The restructuring of both Platinum and De Beers is generating a new level of operational performance in both businesses. Platinum has achieved labour productivity gains of 11%, is showing a 27% increase in productivity since the first half of 2008 and continues to control its cash operating unit costs, despite high energy and wage inflation. At De Beers, significant sustainable cost savings have been embedded, enabling the company to benefit fully from the improved demand and pricing environment for diamonds.
Our near term production growth is a clear differentiator for Anglo American and will be delivered by four major strategic projects that we are developing. The first of these is the Barro Alto nickel project in Brazil, which is on schedule for first production in the first quarter of 2011 and will more than double our nickel production capacity when it reaches full production of 36,000 tonnes per year. The expansion of our Los Bronces copper operation in Chile is also on schedule for first production in the fourth quarter of next year, increasing our low cost production at this world class mine to 490,000 tonnes per year over the first three years. Furthermore, as we announced last year, two recent discoveries nearby are expected to enable considerable further expansion in due course. In South Africa, the 9 million tonne per annum Kolomela iron ore project is making excellent progress towards first production in the second quarter of 2012.
At Minas Rio, our 26.5 million tonne per annum phase one iron ore project in Brazil, we have made good progress on those areas of the project where the necessary approvals have been secured, in the context of what has become an increasingly rigorous and more complex environmental permitting process in Brazil in recent years. A number of key approvals remain outstanding and these are on the critical path of the project, therefore impacting the time and cost to complete. We have considerable resource deployed to resolve these issues, including constructive high level dialogue with the authorities in Brazil. Once the remaining initial approvals are granted, we believe it will take 27 to 30 months to construct and commission the mine and plant and to deliver the first ore on ship.
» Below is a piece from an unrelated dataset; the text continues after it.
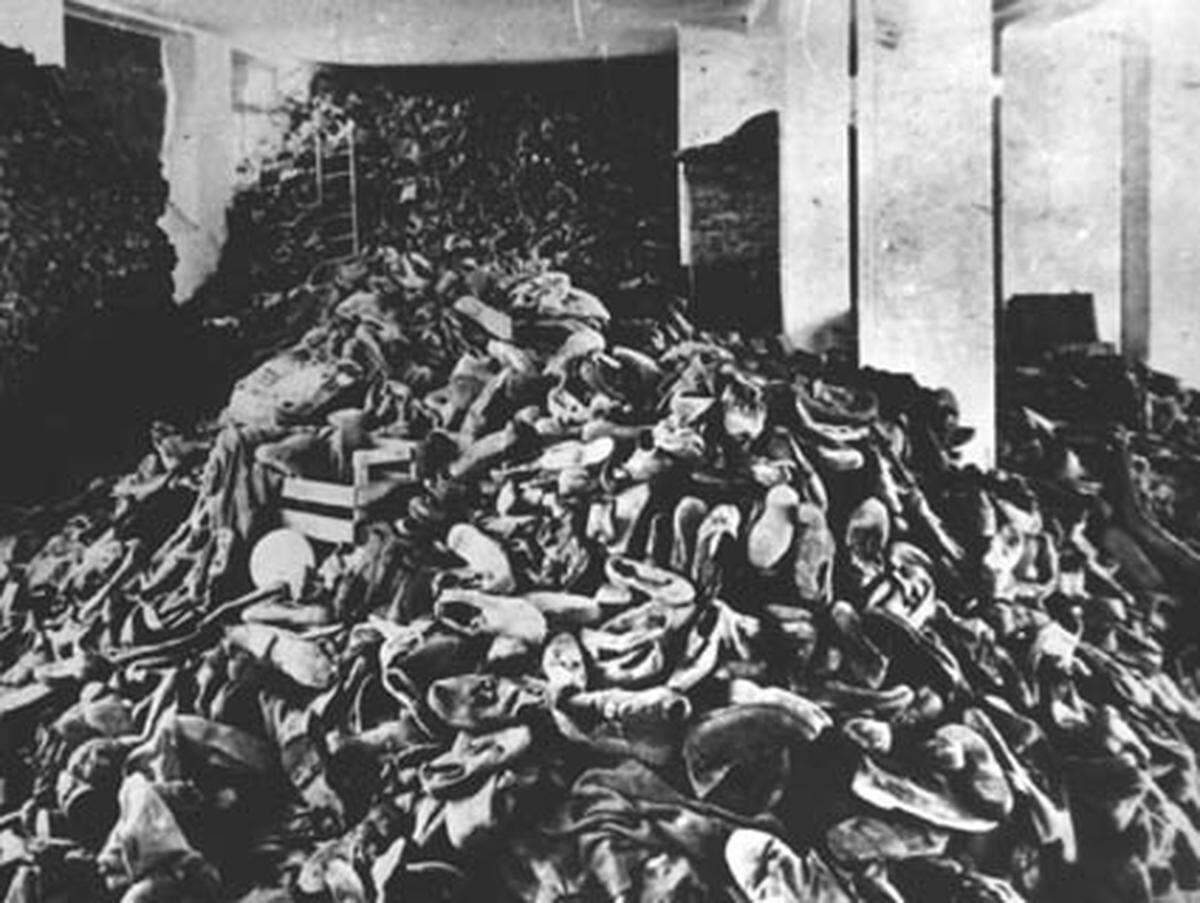 Die Soldaten fanden in Auschwitz über eine Million Kleidungsstücke, 80.000 Schuhe und sieben Tonnen Menschenhaar.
Following our initial announcement in October, the divestment of our non-core businesses is well under way. The announced sales of our zinc portfolio, several of Tarmac’s European businesses and five undeveloped coal assets in Australia are expected to generate proceeds in excess of $2.2 billion. As we stated from the outset, we will sell the balance of our divestment portfolio in a manner and on a timetable that maximises value for our shareholders. We have seen a lot of interest in these assets.
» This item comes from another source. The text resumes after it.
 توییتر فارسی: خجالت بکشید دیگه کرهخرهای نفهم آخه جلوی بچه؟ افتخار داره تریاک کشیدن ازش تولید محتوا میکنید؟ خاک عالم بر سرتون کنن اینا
I am pleased to announce the resumption of dividend payments with an interim dividend of 25 cents per share, reflecting the Group’s improved operating performance and financial position, as well as progress on non-core asset sales and a supportive medium term outlook.
Our safety performance has shown further considerable improvement in the first half, with both fatality and lost time injury rates continuing to reduce. While these results represent a step change from the position in 2007, we will continue to strive to achieve our goal of zero harm.
The short term outlook for the world economy has become more uncertain in recent months, with certain less favourable leading economic indicators. However, in the medium to long term, we remain confident about prospects for Anglo American with the process of industrialisation and urbanisation in China, India, Brazil and other emerging countries continuing to drive demand for our key commodities.”